In the listing below, locate the line that contains "Women Leisure Travel" and the line that contains "antique factory clock for sale". Restate word for word those two lines and every line between them, and nothing else.

Records for the task Start Marker

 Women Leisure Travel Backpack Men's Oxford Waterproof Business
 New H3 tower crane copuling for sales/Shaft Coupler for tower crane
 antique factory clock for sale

Records for the task End Marker
Records for the task Start Marker

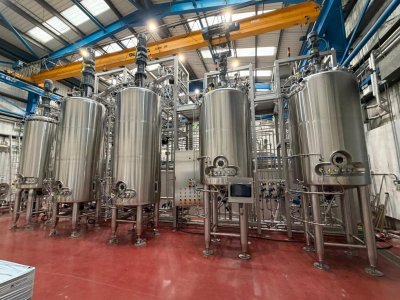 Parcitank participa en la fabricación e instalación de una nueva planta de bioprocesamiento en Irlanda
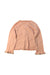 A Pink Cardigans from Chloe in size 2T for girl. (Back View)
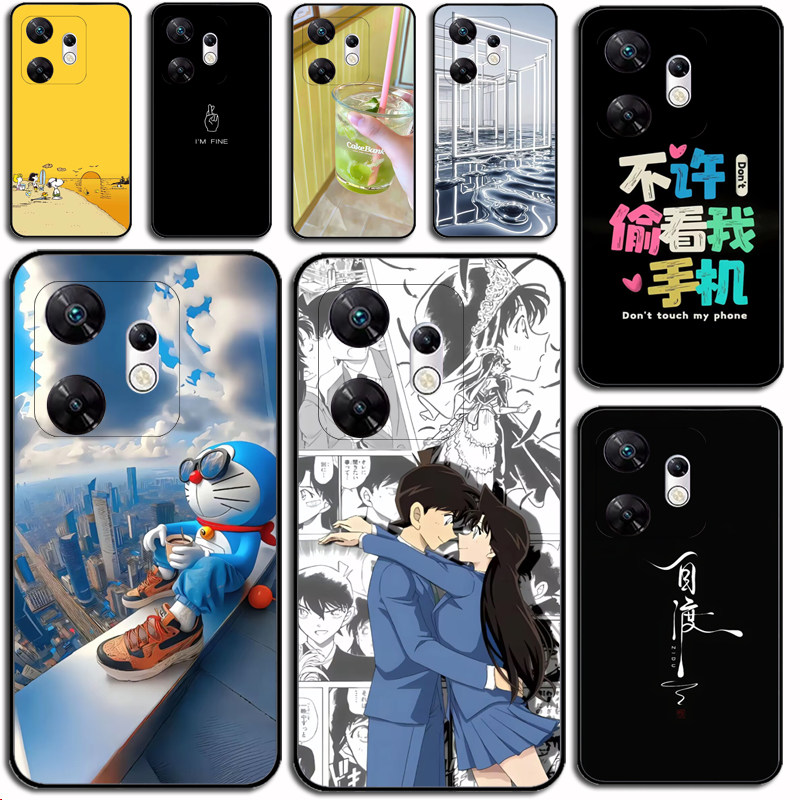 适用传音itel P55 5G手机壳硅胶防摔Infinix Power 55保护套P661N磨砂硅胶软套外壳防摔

Records for the task End Marker

Output for this task:
 Women Leisure Travel Backpack Men's Oxford Waterproof Business
 New H3 tower crane copuling for sales/Shaft Coupler for tower crane
 antique factory clock for sale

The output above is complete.